Task brief:
Using the data that follows, return exactly the lines from the one that contains "Joana Vieira Instagram" through the one that contains "katherine-blair webcam", ends included.

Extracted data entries
[Start of section]

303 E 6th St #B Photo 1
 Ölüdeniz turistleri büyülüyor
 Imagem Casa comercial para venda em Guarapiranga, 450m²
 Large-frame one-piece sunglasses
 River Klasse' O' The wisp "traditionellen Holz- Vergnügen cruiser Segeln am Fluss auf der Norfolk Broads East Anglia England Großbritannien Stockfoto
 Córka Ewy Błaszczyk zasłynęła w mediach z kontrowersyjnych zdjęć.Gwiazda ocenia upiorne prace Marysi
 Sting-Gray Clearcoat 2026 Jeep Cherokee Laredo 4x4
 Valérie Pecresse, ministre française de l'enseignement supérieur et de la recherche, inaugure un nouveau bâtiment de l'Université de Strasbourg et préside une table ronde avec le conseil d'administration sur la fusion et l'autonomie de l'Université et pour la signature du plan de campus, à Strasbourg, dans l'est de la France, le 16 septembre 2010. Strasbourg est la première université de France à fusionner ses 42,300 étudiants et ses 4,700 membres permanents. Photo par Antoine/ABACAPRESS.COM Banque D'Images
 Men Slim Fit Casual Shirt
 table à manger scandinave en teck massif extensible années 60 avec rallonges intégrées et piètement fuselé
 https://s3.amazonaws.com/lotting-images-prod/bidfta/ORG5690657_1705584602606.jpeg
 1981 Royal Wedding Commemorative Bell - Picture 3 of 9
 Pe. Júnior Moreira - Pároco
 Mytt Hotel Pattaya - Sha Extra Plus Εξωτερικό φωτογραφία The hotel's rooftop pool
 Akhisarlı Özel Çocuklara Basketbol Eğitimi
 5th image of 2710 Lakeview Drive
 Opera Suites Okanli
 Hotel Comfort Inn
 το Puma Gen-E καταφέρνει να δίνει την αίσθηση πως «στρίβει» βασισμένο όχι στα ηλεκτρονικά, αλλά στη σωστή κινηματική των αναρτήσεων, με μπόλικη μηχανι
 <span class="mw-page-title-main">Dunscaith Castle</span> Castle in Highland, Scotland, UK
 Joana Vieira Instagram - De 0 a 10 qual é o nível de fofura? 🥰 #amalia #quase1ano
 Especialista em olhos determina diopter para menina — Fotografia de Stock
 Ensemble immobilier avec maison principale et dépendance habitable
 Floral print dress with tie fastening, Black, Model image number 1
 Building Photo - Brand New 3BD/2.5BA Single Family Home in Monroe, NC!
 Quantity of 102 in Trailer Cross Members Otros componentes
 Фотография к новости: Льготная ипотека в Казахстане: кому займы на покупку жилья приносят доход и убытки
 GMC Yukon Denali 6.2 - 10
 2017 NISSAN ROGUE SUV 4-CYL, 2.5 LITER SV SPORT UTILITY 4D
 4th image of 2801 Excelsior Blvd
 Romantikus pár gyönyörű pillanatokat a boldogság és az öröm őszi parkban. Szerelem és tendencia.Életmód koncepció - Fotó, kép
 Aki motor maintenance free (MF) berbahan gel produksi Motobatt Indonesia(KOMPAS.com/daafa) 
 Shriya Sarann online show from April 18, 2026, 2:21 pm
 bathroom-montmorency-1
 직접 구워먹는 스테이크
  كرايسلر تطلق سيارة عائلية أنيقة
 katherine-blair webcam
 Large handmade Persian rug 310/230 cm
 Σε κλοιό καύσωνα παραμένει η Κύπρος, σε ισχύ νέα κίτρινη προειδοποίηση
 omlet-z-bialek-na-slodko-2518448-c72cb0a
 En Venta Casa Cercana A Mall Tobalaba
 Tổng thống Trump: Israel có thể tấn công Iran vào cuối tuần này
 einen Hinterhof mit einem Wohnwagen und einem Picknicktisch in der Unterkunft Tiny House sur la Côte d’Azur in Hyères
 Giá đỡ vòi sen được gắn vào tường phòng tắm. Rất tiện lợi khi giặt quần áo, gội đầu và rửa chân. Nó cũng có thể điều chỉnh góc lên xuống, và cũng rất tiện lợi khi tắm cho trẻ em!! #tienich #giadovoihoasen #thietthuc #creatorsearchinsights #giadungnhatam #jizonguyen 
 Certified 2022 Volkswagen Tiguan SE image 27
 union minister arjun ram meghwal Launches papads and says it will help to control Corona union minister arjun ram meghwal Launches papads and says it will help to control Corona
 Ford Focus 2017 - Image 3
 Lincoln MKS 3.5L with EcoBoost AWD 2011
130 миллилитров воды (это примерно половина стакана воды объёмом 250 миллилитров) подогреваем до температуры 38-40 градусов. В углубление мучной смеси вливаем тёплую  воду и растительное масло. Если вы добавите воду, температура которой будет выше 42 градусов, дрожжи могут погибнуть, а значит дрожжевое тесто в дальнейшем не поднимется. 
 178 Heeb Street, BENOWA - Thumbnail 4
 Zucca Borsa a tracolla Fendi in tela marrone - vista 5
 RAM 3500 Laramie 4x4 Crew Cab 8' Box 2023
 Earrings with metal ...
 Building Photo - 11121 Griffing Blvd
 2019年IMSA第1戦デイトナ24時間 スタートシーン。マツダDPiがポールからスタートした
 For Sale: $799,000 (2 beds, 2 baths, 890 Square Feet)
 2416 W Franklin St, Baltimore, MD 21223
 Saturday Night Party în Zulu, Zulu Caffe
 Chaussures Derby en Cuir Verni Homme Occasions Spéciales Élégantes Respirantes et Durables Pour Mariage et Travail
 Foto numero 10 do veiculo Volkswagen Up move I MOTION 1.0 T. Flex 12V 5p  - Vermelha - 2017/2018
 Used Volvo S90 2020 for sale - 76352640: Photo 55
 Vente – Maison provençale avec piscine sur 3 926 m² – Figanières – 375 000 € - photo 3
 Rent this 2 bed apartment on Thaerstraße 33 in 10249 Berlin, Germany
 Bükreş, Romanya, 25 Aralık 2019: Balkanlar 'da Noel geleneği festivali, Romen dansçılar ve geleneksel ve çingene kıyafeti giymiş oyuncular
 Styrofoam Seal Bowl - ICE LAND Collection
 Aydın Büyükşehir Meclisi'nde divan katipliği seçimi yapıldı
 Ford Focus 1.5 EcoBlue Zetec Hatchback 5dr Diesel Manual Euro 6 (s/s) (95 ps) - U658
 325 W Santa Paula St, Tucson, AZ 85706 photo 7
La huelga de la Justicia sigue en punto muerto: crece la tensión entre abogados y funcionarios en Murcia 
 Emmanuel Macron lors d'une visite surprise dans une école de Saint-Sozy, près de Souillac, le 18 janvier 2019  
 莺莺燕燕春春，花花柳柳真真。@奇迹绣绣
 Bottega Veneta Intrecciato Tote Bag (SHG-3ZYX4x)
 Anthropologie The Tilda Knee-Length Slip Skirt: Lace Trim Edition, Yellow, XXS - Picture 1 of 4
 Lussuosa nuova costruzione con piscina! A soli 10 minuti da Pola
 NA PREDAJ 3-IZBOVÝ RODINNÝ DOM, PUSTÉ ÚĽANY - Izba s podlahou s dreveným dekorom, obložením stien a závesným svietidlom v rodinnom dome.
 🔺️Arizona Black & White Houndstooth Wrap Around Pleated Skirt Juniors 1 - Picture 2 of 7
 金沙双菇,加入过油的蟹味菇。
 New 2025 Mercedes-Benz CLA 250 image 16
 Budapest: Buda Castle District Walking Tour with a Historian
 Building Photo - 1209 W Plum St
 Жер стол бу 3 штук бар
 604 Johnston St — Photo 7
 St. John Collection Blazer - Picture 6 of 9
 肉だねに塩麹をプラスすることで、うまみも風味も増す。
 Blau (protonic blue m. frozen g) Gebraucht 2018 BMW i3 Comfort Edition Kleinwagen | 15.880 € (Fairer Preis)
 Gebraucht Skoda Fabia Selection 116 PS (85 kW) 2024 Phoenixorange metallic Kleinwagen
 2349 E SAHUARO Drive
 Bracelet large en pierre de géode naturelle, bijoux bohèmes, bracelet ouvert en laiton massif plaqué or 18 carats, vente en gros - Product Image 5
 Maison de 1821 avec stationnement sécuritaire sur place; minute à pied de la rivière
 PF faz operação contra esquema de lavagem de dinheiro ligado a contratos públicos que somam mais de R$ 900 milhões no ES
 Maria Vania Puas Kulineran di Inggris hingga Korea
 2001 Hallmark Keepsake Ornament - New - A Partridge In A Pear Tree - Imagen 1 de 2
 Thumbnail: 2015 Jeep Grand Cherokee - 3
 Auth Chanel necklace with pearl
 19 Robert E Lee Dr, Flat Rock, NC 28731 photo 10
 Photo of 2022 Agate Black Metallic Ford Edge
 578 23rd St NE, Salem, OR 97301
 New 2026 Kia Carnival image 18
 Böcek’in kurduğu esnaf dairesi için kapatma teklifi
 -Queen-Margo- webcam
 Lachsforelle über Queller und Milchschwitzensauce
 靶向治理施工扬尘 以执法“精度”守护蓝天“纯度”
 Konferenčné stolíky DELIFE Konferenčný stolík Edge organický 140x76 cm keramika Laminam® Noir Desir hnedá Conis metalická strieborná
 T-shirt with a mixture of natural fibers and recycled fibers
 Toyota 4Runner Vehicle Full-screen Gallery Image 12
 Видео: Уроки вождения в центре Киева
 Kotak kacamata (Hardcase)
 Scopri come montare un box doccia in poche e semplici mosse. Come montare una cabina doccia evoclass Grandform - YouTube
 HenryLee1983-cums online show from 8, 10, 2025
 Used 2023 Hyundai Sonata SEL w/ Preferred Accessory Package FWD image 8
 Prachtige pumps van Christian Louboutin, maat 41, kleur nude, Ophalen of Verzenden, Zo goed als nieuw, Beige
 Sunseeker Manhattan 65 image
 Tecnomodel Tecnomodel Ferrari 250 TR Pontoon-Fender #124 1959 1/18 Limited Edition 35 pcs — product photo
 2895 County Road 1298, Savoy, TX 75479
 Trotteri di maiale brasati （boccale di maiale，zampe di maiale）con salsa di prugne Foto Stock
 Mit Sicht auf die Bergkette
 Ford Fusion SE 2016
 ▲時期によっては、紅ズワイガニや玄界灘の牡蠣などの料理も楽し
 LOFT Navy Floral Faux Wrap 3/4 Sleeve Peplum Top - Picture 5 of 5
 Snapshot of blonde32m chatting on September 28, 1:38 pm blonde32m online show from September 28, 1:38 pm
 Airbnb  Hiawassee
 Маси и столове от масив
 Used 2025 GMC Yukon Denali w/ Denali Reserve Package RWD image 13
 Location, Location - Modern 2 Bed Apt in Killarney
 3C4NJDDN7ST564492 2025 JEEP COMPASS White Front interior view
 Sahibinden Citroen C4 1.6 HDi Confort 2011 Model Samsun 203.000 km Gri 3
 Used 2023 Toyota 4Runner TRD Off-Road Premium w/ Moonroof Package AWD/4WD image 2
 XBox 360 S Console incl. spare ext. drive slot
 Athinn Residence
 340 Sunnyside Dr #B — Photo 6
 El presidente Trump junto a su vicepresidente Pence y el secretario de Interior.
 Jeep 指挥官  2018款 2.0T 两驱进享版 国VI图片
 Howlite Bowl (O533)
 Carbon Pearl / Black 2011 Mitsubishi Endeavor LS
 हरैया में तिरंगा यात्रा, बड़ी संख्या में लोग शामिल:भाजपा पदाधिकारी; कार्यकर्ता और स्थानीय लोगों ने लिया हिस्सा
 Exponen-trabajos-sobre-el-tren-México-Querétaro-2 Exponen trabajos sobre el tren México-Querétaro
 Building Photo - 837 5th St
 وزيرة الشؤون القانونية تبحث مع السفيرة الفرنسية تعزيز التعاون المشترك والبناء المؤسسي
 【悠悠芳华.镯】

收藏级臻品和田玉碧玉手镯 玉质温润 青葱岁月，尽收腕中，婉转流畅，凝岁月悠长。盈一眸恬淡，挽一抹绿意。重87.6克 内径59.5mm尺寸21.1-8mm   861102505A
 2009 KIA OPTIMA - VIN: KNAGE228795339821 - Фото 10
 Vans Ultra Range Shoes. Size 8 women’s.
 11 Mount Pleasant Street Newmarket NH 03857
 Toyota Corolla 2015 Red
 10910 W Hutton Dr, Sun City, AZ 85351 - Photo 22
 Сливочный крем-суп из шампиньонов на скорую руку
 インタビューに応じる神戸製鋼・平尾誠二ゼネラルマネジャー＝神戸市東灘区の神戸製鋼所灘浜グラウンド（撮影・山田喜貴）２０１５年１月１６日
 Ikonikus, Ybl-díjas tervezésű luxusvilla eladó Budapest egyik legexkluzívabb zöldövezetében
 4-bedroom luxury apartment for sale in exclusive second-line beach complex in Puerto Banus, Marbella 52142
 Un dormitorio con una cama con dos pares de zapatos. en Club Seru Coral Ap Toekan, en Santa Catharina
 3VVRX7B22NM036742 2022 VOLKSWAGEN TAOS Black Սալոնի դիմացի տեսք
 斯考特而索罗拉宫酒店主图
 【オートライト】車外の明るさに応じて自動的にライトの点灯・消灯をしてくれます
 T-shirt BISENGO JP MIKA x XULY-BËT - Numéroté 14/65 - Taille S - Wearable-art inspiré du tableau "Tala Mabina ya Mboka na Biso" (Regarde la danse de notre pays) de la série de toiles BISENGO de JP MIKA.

[End of section]

Result for this exercise:
 Joana Vieira Instagram - De 0 a 10 qual é o nível de fofura? 🥰 #amalia #quase1ano
 Especialista em olhos determina diopter para menina — Fotografia de Stock
 Ensemble immobilier avec maison principale et dépendance habitable
 Floral print dress with tie fastening, Black, Model image number 1
 Building Photo - Brand New 3BD/2.5BA Single Family Home in Monroe, NC!
 Quantity of 102 in Trailer Cross Members Otros componentes
 Фотография к новости: Льготная ипотека в Казахстане: кому займы на покупку жилья приносят доход и убытки
 GMC Yukon Denali 6.2 - 10
 2017 NISSAN ROGUE SUV 4-CYL, 2.5 LITER SV SPORT UTILITY 4D
 4th image of 2801 Excelsior Blvd
 Romantikus pár gyönyörű pillanatokat a boldogság és az öröm őszi parkban. Szerelem és tendencia.Életmód koncepció - Fotó, kép
 Aki motor maintenance free (MF) berbahan gel produksi Motobatt Indonesia(KOMPAS.com/daafa) 
 Shriya Sarann online show from April 18, 2026, 2:21 pm
 bathroom-montmorency-1
 직접 구워먹는 스테이크
  كرايسلر تطلق سيارة عائلية أنيقة
 katherine-blair webcam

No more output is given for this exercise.